PROBLEM TO SOLVE :: All that should appear is the run of lines from the one containing "7369 ROYAL PALM DR" through the end of the records, each repeated exactly.

Records from a dataset ::
╭──

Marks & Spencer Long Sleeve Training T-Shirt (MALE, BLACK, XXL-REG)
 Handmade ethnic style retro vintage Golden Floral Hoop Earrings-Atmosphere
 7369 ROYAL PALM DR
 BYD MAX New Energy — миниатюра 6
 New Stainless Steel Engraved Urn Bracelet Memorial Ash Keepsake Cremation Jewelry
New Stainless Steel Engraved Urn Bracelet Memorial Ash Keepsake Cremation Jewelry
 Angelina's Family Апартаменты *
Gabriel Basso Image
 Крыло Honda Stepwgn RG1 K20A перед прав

╰──

REPLY TO THE EXERCISE ::
 7369 ROYAL PALM DR
 BYD MAX New Energy — миниатюра 6
 New Stainless Steel Engraved Urn Bracelet Memorial Ash Keepsake Cremation Jewelry
New Stainless Steel Engraved Urn Bracelet Memorial Ash Keepsake Cremation Jewelry
 Angelina's Family Апартаменты *
Gabriel Basso Image
 Крыло Honda Stepwgn RG1 K20A перед прав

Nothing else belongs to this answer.